ACTION ITEM: Where does the string "with" occur in the records? Copy each line that holds it.

DATA PROVIDED:
◆ ◆ ◆ ◆
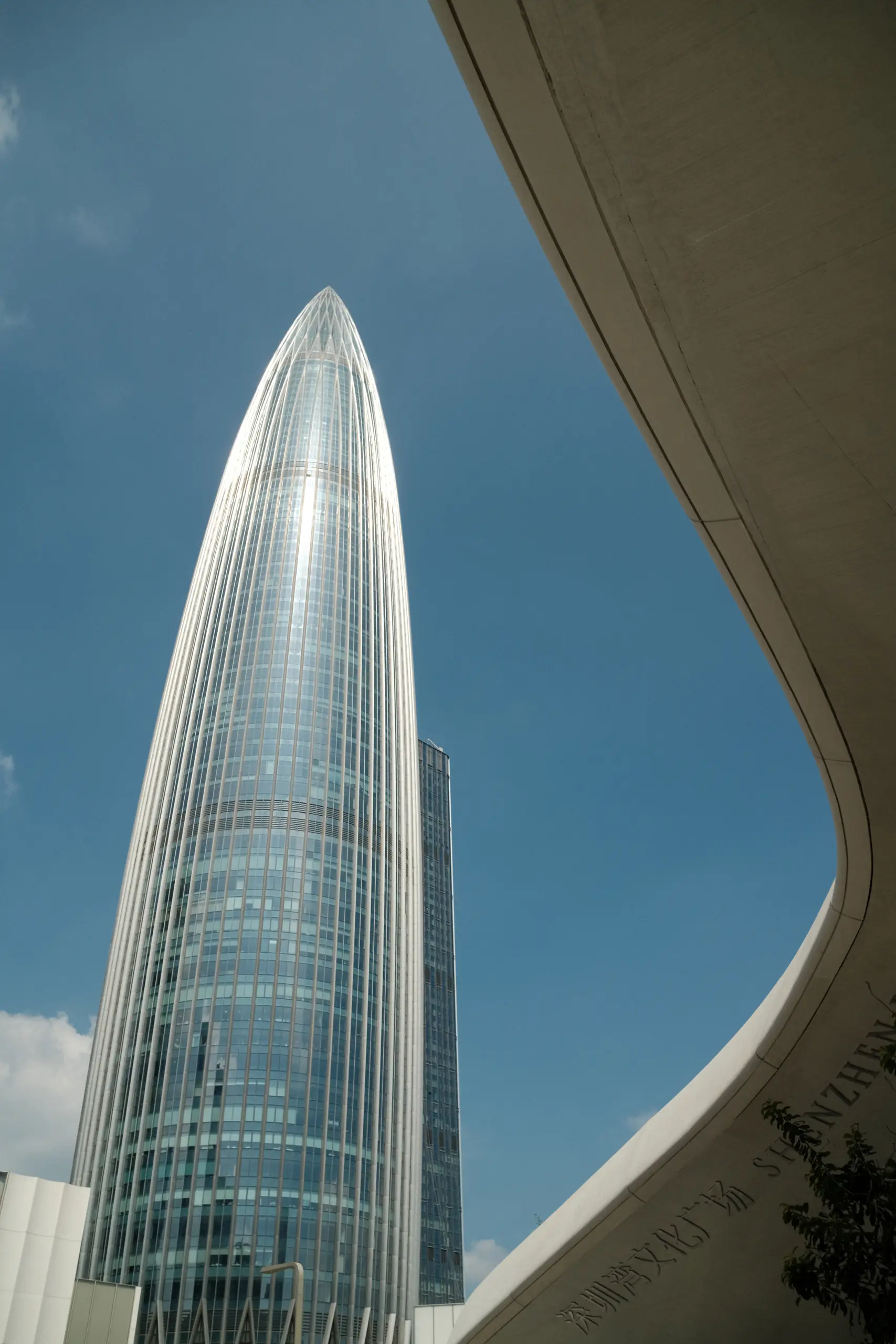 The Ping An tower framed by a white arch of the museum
◆ ◆ ◆ ◆
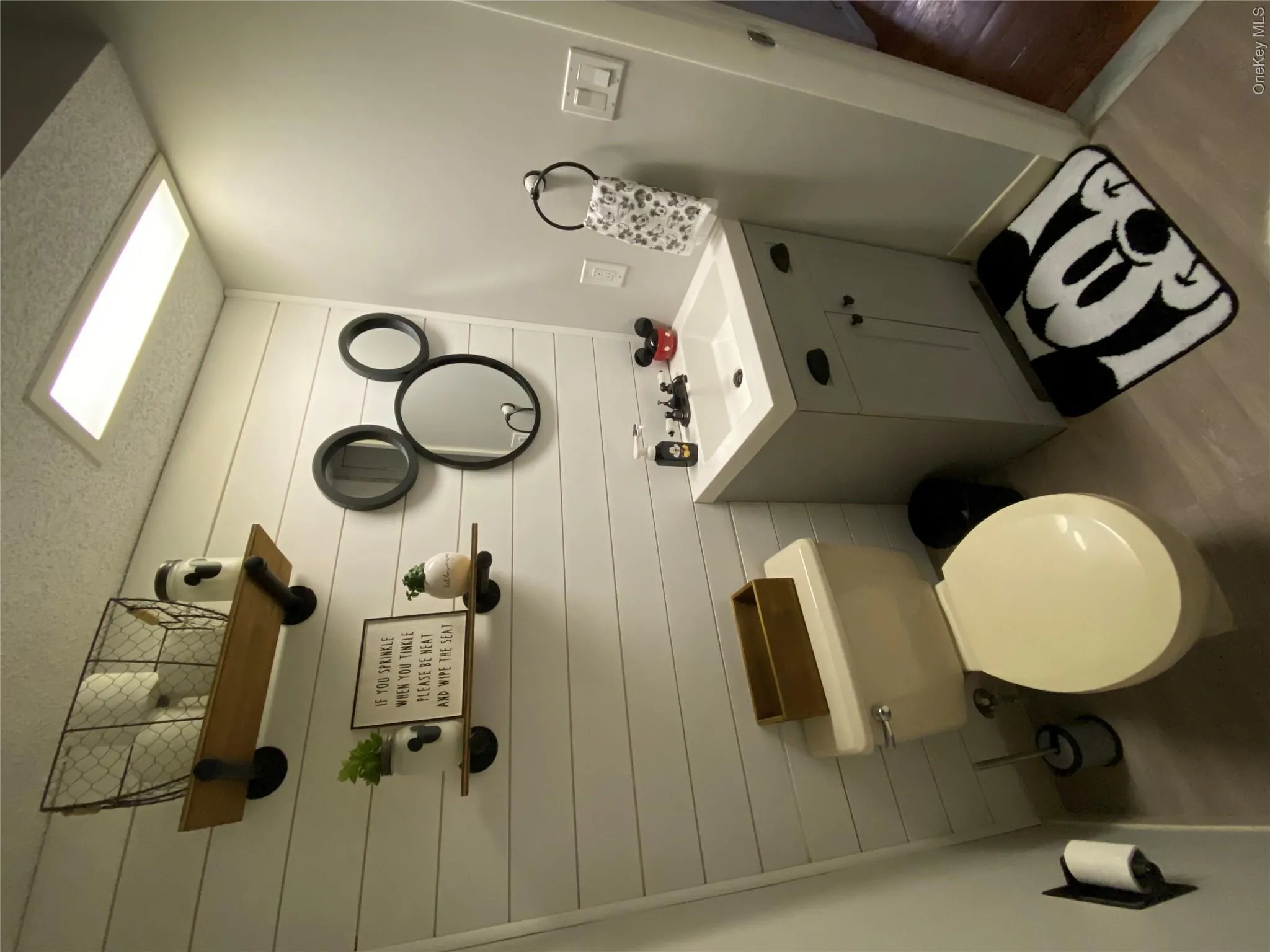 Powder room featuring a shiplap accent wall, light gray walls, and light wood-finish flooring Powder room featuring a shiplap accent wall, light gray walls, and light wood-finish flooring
◆ ◆ ◆ ◆
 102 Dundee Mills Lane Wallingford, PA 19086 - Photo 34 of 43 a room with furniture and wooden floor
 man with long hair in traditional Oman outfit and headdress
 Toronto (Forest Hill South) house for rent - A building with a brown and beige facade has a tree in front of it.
◆ ◆ ◆ ◆
THE COMPLETED TASK:
 102 Dundee Mills Lane Wallingford, PA 19086 - Photo 34 of 43 a room with furniture and wooden floor
 man with long hair in traditional Oman outfit and headdress
 Toronto (Forest Hill South) house for rent - A building with a brown and beige facade has a tree in front of it.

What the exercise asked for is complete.